No drilling, just score slowly, more and more, I believe the hack saw blade had been filed down, so as to keep the cut more fine....I checked that first link, it does not say so on that link, but I am sure the blade was filed down on both sides...however, if you score long enough, it will come off without a hacksaw blade.

The front has a extended arm that goes under the front and the back has a small screw. That holds it in place and give easy accesability.

Good idea on the jig.


----------



## falcondesigns (Oct 30, 2002)

I was thinking of using strong magnets at both ends to hold the superstructure down,since this is a static display model.My mold for the resin brace did not cure,so I've placed it in the sun to help it along.


----------



## junglelord (Mar 6, 2007)

I think magents would be perfect.
:thumbsup:


----------



## falcondesigns (Oct 30, 2002)

Part one of the sepration,done.


----------



## Seaview (Feb 18, 2004)

Very clean! :thumbsup:


----------



## mrdean (Aug 11, 1998)

falcondesigns said:


> I was thinking of using strong magnets at both ends to hold the superstructure down,since this is a static display model.My mold for the resin brace did not cure,so I've placed it in the sun to help it along.


I was worried about lighting repairs! Great idea!:thumbsup: I am going to do this also.

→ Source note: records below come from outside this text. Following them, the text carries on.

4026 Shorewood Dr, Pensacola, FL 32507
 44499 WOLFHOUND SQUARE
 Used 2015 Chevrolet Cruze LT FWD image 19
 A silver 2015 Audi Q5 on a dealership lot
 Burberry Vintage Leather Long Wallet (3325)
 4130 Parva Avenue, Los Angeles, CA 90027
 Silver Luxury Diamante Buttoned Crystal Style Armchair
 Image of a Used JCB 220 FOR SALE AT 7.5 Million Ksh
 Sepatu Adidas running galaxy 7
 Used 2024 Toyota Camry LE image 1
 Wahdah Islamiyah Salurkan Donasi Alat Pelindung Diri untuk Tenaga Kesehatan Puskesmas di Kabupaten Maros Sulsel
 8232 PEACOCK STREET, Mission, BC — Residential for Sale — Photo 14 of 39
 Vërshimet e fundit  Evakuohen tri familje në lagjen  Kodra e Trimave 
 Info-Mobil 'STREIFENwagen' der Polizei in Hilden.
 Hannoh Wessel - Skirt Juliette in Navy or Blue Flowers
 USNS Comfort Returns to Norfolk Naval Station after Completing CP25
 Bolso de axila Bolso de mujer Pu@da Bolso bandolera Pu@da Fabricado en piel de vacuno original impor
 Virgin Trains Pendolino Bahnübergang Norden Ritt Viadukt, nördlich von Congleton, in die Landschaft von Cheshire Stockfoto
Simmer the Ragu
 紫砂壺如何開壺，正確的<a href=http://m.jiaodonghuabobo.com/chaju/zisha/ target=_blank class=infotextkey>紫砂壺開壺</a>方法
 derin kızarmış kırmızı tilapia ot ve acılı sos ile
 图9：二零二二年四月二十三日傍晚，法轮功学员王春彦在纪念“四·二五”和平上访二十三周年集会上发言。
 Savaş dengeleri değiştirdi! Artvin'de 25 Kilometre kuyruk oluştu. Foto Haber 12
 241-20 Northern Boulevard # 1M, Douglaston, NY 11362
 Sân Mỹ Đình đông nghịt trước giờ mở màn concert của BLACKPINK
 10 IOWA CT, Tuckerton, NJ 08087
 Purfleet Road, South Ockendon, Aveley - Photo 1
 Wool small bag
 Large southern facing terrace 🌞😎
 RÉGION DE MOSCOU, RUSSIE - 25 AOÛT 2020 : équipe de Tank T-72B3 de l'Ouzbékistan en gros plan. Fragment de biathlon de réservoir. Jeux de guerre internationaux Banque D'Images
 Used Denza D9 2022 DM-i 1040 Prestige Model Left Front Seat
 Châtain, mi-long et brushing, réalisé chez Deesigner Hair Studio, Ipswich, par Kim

I am going to use styrene for bracing, .04 or .02 should do it. I am going to look into plastic rivits that snap into place to hold the superstructure.

Mark Dean


----------



## falcondesigns (Oct 30, 2002)

Part two,done.I took my time slowly scribing the line,first with an X-acto knife,then with a scribing tool,and it work well.


----------



## Captain Han Solo (Apr 5, 2002)

*LOOKS GREAT ALEX!!!!!!:thumbsup:*

*Now I need to make another Seaview!!:freak:*


----------



## junglelord (Mar 6, 2007)

Very nice job Alex
:thumbsup:

I just finished 54 limber holes in the rear half.


Its a great sense of accomplishment to be busy and to make models.
I like your shortened sonar bulb...looks good.

Yes Beatlepaul, you need to make another...
Magnets are one way to go to be able to open it up later.
I need to be able to access the insides of my models and never seal them.


I will have a fleet of three and maybe four RC Seaviews this summer...YOOOHOOO


----------



## junglelord (Mar 6, 2007)

falcondesigns said:


> The results.........The plug in place,now it looks more like the 17 footer.This also allows me to move the sail plate back as well.Time to join the two hulls together.


The overall intended length of the Seaview has always been in question. Lengths ranging as short as 300 feet to as long as 650 feet have been quoted. With a total assembled length of 39 inches, this model, at 1/128 scale, would represent a vessel that's 416 feet in length. 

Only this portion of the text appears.